Explication de texte

Entre institutions civilisées, les relations entre les banques et l’administration fiscale est généralement faite de coopération et d’échange de bon procédés.
Agents économiques  mûrs et disciplinés, les institutions bancaires  et financières mauritaniennes  ont l’habitude de déclarer régulièrement leurs situations  et de payer leurs impôts basés pour la plupart sur des états mensuels soumis à des contrôles suivis, tant par la BCM que par les autres administrations spécialisées de l’Etat.
En plus de ces impôts (ITS, TPS, IRCM…), les banques sont également assujetties annuellement au BIC dont le taux est de 25% sur les bénéfices réalisés.
Bon an mal an, les redressements opérés ont rarement porté sur plus de 100 à 150 millions d’UM, alors que le présent redressement  va jusqu‘à 1.800.000.000UM pour la BMCI et frappe les banques les plus petites par l’âge, le capital et le nombre de clients de 250.000.000UM chacune (BNP et Société Générale notamment).

Pourquoi ces ordres de grandeurs ?

Alors que règlementairement, les impôts collectés par les banques sont généralement générés par l’accomplissement des services et opérations qui en sont l’origine (crédits documentaires,  avals, cautions…), et que les banques devraient les payer après l’accomplissement de tels services, la DGI estime désormais que ces impôts sont à payer à l’avance, ce qui signifie que le banquier paie à l’avance pour tout risque qu’il prend en décidant  de rendre un service à sa clientèle alors que le législateur le protège justement pour ces risques au fur et à mesure que leur  probabilité de réalisation s’accroit.
Pour cette raison, les banques sont universellement astreintes à provisionner les créances douteuses en application de la législation bancaire, alors que  la DGI remet en cause cette règle dans ce redressement en décidant  ipso facto de réintégrer ces provisions dans l’assiette de calcul de l’impôt.
En effet l’instruction de la BCM dispose explicitement que « les créances pré douteuses, douteuses et compromises doivent donner lieu à la constitution  de provisions égales au moins à, respectivement à 20%, 50% et 100% de leurs montants  déduction faite de des agios réservés et des et des garanties prévues… ».
Un spécialiste en la matière explique que, socialement  ces règles impératives sont destinées à la protection des déposants contre la tentation des actionnaires, des personnels des banques et de l’administration fiscale.  Avec un tel redressement cette protection est semble- t-il perçue comme étant une technique de  fraude traquée par la DGI.
Une autre erreur tout aussi grossière et contraire à la lettre  et à l’esprit de la loi, est illustrée par le retraitement que la DGI fait des opérations bancaires islamiques (Mourabahas et leasing islamique notamment), que le redressement vient décourager en mettant  également en cause le régime dérogatoire qui leur est  accordé par le Code Général de impôts qui les soustrait en vertu de son article 177b ( Loi des finances 2009),du champ d’application de la TVA.
Au delà du coup asséné aux banques, ce redressement funeste  qui ignore l’ordre légal et la vision dont il procède, est un exemple  typique de très mauvaise gouvernance économique et fiscale qui met en péril l’épargne des déposants et l’ensemble du système bancaire. Ses retombées sont tout aussi fatales pour le Trésor public qu’il vise pourtant à renflouer.

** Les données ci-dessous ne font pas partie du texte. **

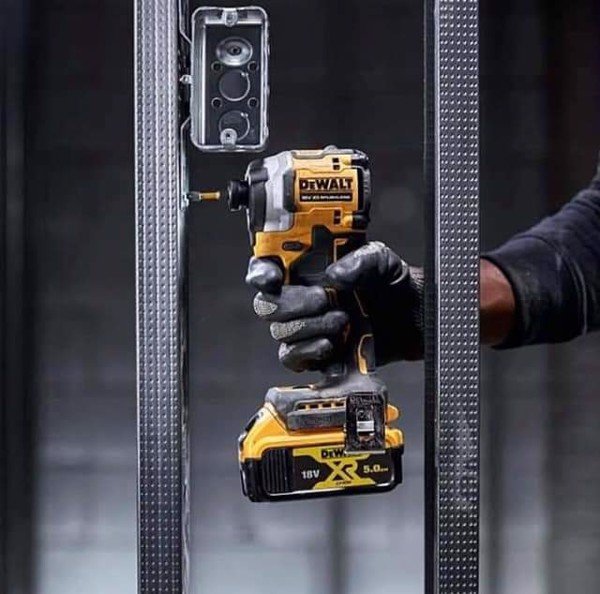 Máy bắt vít Dewalt DCF850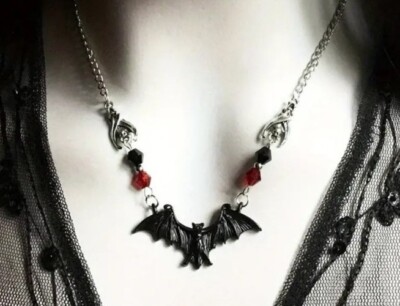 Stunning Gothic Vampire Bat Necklace Red  And Black Crystals Goth Halloween 882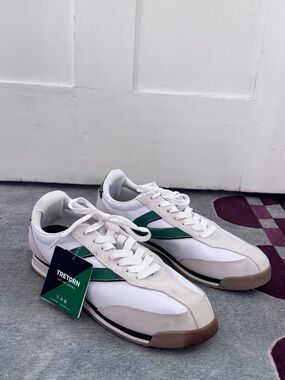 Tretorn Kristine Elite G White Green Retro Sneaker NWT Size 10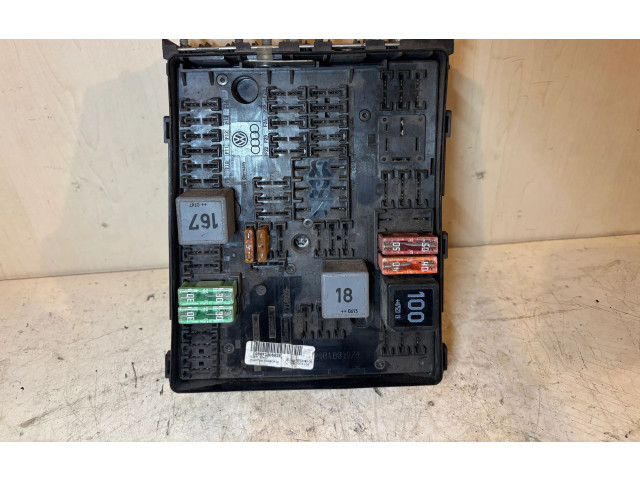 Pojistková skříňka 1K0937124P Skoda Octavia Mk2 (1Z) 2006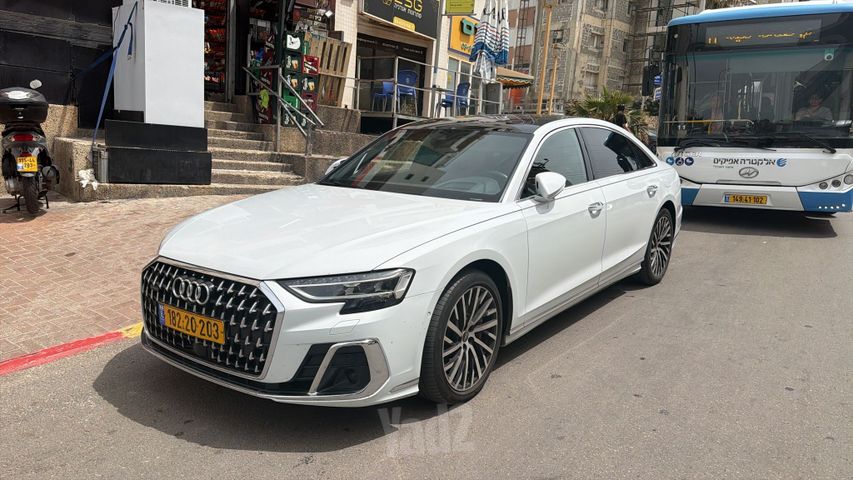 אאודי A8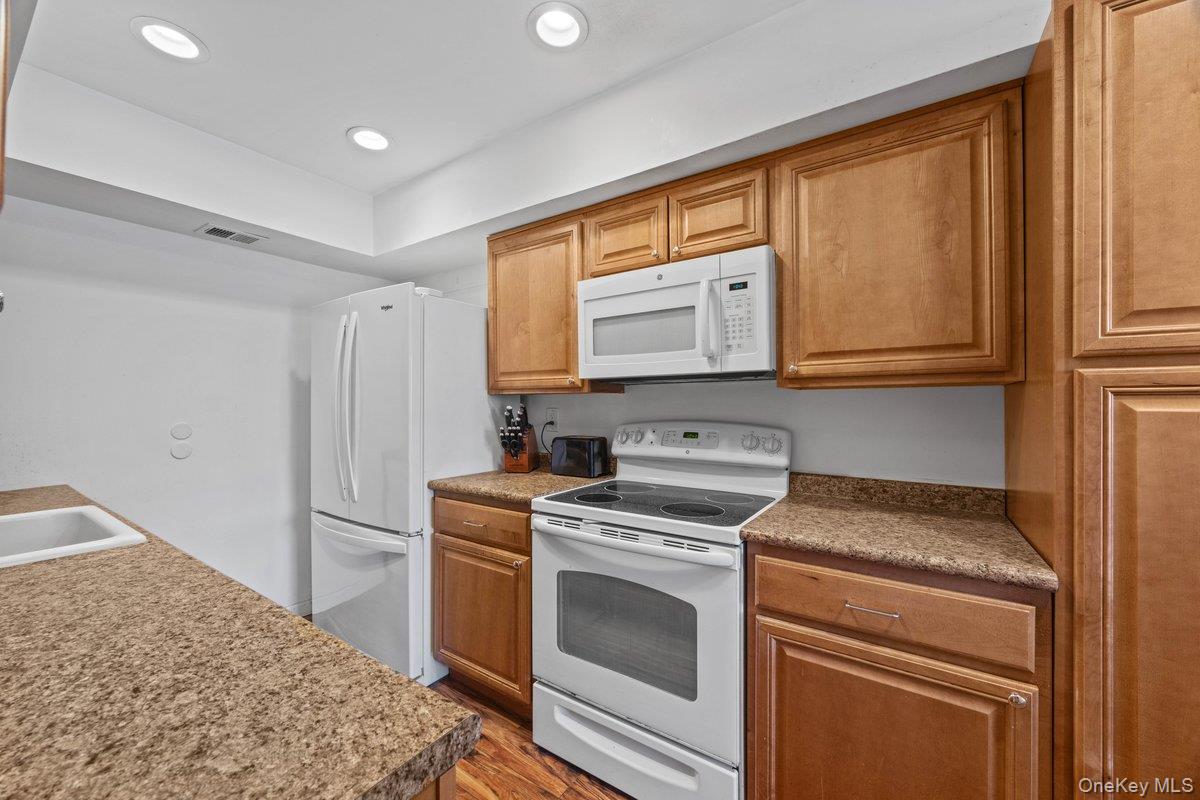 21 Alhambra Drive Property Photo 10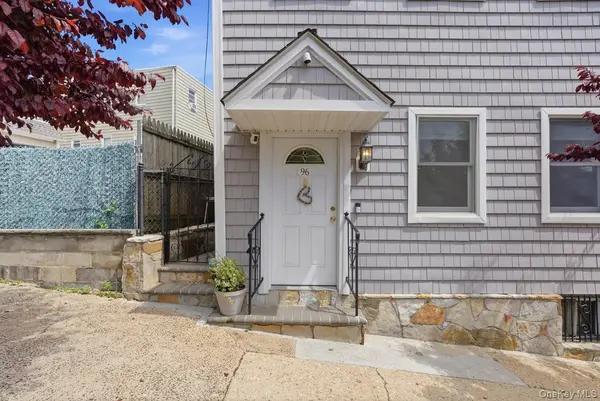96 Wakefield AVE, Yonkers, NY 10704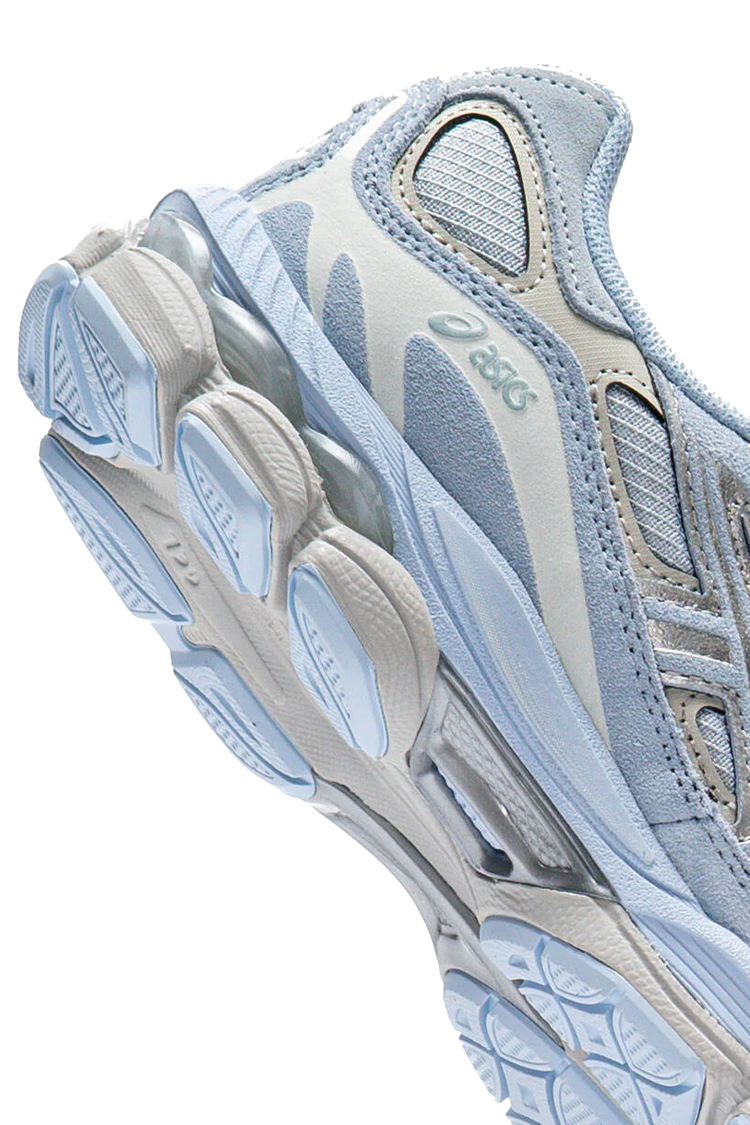 סניקרס אסיקס ASICS תכלת/אפור ג'ל קומולוס עיצוב רטרו שנות ה-2000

En étouffant ces opérateurs dynamiques et argentés, l’administration fiscale n’assèche-t- elle pas les caisses des seuls preneurs de bons du Trésor dont le marché hebdomadaire maintient le Trésor public sous perfusion.
L’art de tuer la poule aux œufs d’or !
Au moment où s’ouvre la table ronde des bailleurs de fonds à Bruxelles, notre pays pouvait bien se passer de cette mauvaise publicité qui va à l’encontre de la doctrine libérale en vogue par les temps qui courent.